Hi all,
I'm hoping to get some advice with parallelizing my code. I'm working on a nonlinear magnetostatics problem, which I've verified in serial, but when attempting to run with multiple processes I run into trouble. My problem looks like Curl(mu^{-1}Curl A)=J, with the curl-curl term implemented in a NonLinearForm, and J as a ParGridFunction (computed based on @mlstowell's suggested method 2 from #1488). I use strongly imposed Dirichlet boundary conditions for A.
When using multiple processors, J is seemingly different from the serial case, and dependent upon the number of processors used. I created a MWE that constructs J based on the previously mentioned discussion and shows that the discrete norm of J varies with the number of processors.

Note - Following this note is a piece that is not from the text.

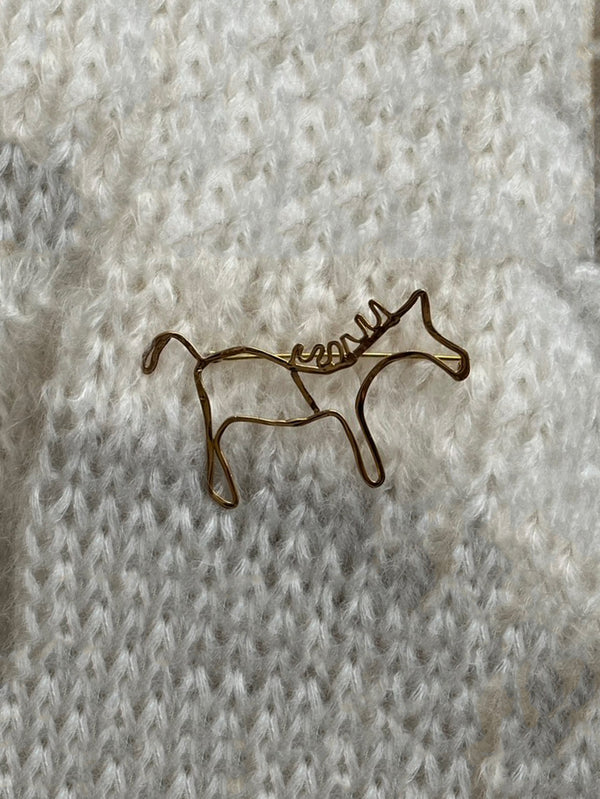 Miriam Nori  | spilla/broach/ spilla zebra a cornice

Visualizing the resulting grid function in glvis appears to show that the field differs near process boundaries (see attached screen shots).
I'm not convinced that this issue with J is the source of all my parallel problems, but I've confirmed that the result of NonlinearForm::Mult does not change with the number of processors, so J seemed like the next logical place to look.
Thanks as always,
Tucker

(one proc. top view)

(two proc. top view)

(four proc. top view)

(two proc. exploded along process boundary)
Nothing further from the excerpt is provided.